Jeff Buckley Sketches for My Sweetheart the Drunk

Jeff Buckley’s ‘Sketches for My Sweetheart the Drunk’ at 25

Anyone who wants to hear the truest Jeff Buckley—the artist he was on the way to becoming when he died young—should make sure to find ‘My Sweetheart the Drunk’.

Sketches for My Sweetheart the Drunk
Jeff Buckley
Columbia
26 May 1998

Jeff Buckley‘s cover of “Hallelujah” is a problem. To be sure, it’s likely we wouldn’t be listening to or writing about Buckley at all, more than a quarter-century after his death, had it not been for his “hallelujah to the orgasm, an ode to life and love”, as Buckley himself called his rendition of Leonard Cohen‘s song. Now recognized as a classic, “Hallelujah” went largely unnoticed when Cohen first released it in 1984. It was rescued from the threat of oblivion by John Cale‘s 1991 cover, where Buckley first came by it and based his interpretation on it.

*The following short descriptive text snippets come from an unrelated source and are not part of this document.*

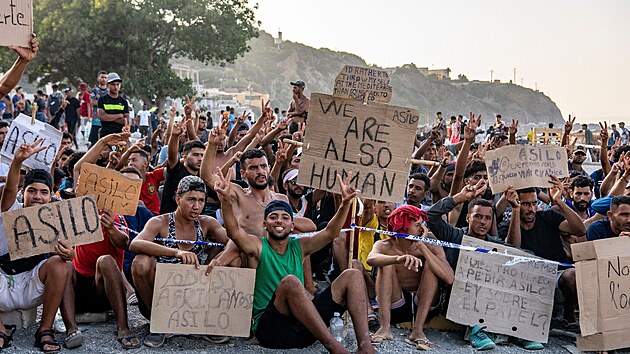 ���dn� azyl, ��dn� j�dlo,� protestovali migranti v Ceut�. (17. srpna 2026)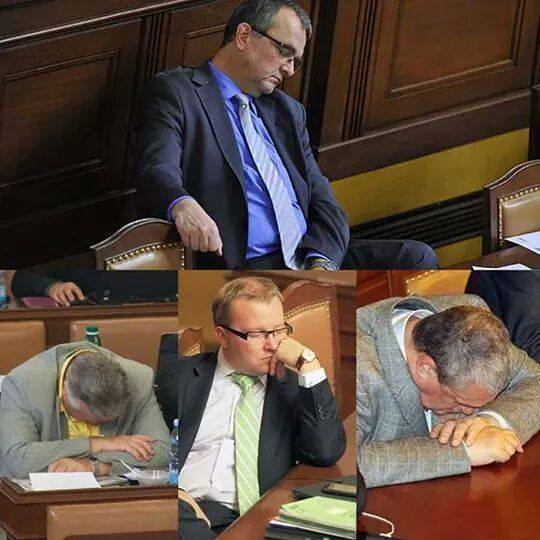 Politici a ich únavná práca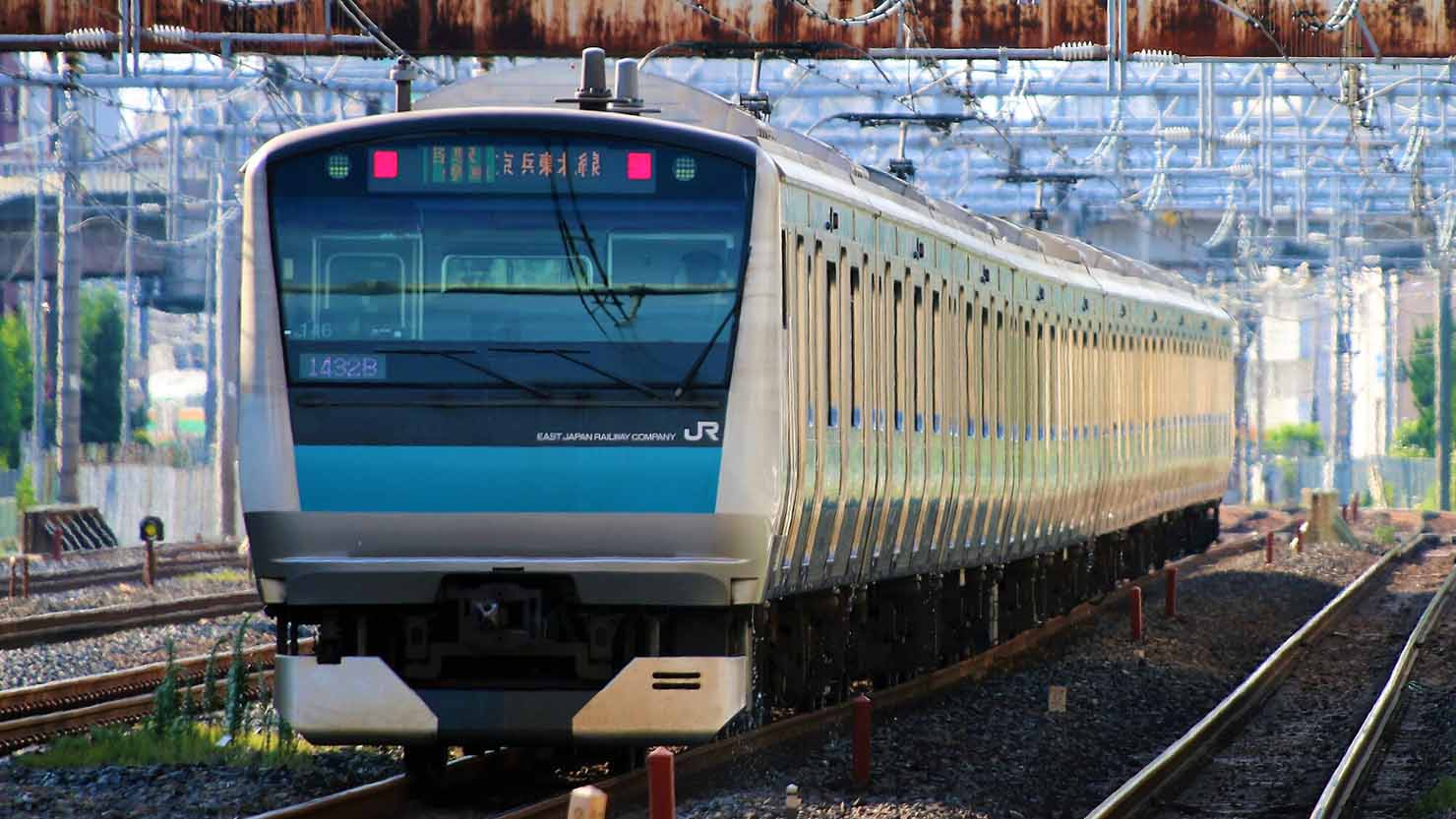埼玉県さいたま市から東京都千代田区、神奈川県横浜市西区をつなぐ京浜東北線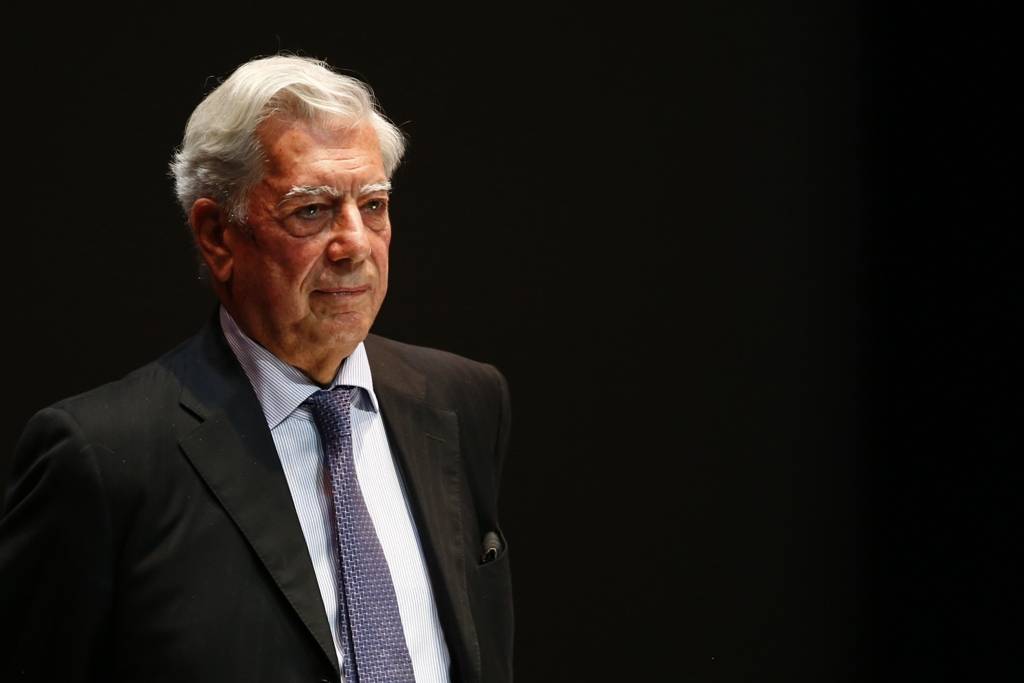 Vargas Llosa: Es grato premio dominicano pese a mis críticas contra sentencia 168-13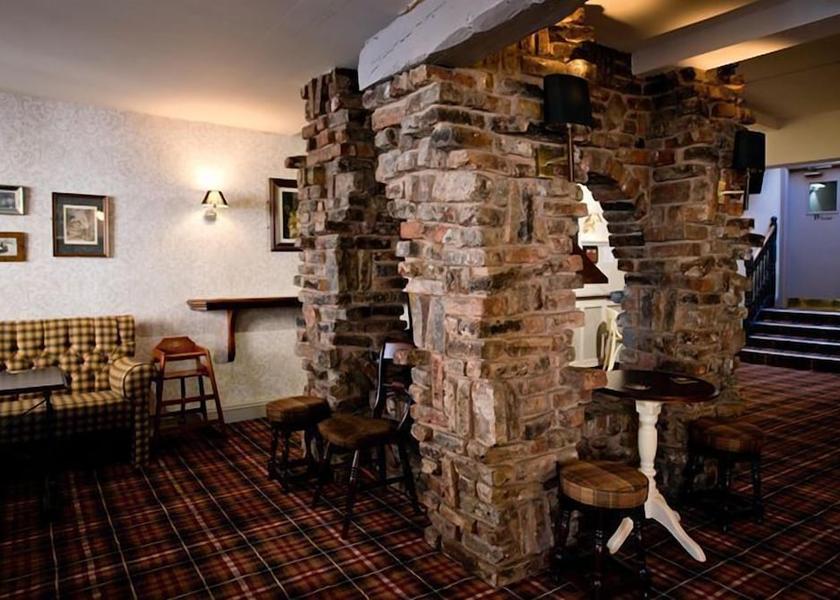 England Brigg Bar (on property)
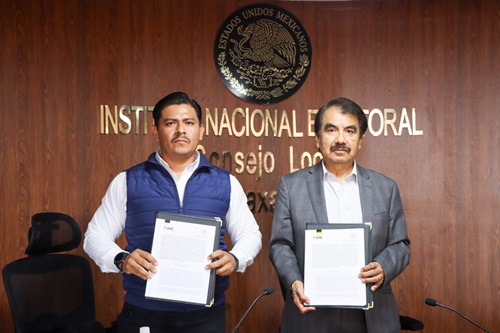 Dos personas de pie mostrando un documento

Cale resituated Cohen’s cool, deadpan original into what Amanda Palmer called a “heated environment”—the kind of place where “the intense flame that was Jeff Buckley”, as one music writer called him, felt at home. Buckley’s come-hither take on “Hallelujah” was sexed-up and moody, his angelic moan of a voice suffusing the lyrics with an impassioned, febrile vulnerability and naked, body-and-soul spirituality: “Jeff was the most unboundaried personality I ever met”, in the neologistic description of one of his early adherents. Another, hearing him perform “Hallelujah” live at Sin-é, the East Village club where Buckley had a standing weekly gig in his early days, “felt my hair standing up, nearly shaking, breathless, spooked” by Buckley’s otherworldly delivery.

A problem with Buckley’s “Hallelujah” is that while he may be “the song’s ultimate performer”, as Alan Light writes in his book about the song’s rich history, The Holy or the Broken, Buckley will never be its owner in the way that Joan Jett, for example, took “I Love Rock ‘n’ Roll” from the all-but-unknown Arrows and made it hers forevermore. The subtitle of Light’s book, Leonard Cohen, Jeff Buckley, and the Unlikely Ascent of “Hallelujah” proves as much: Buckley may be inextricable from the song, but its first claimant will always be Cohen.

It now has many others as well. The irony in Buckley’s potent revival of “Hallelujah” is that he so thoroughly convinced the world of its greatness that it became everybody’s song—heard on “every season of American Idol“, as one of its influential promoters joked, not to mention everywhere from Michael Bolton to Adam Sandler to Shrek. It’s thanks to Cohen’s painstaking craftsmanship—it took him five years and dozens of revisions to get “Hallelujah” right—that the composition is seaworthy enough to have “survived banalization with at least some of its sublimity intact”, as the critic A.O. Scott wrote.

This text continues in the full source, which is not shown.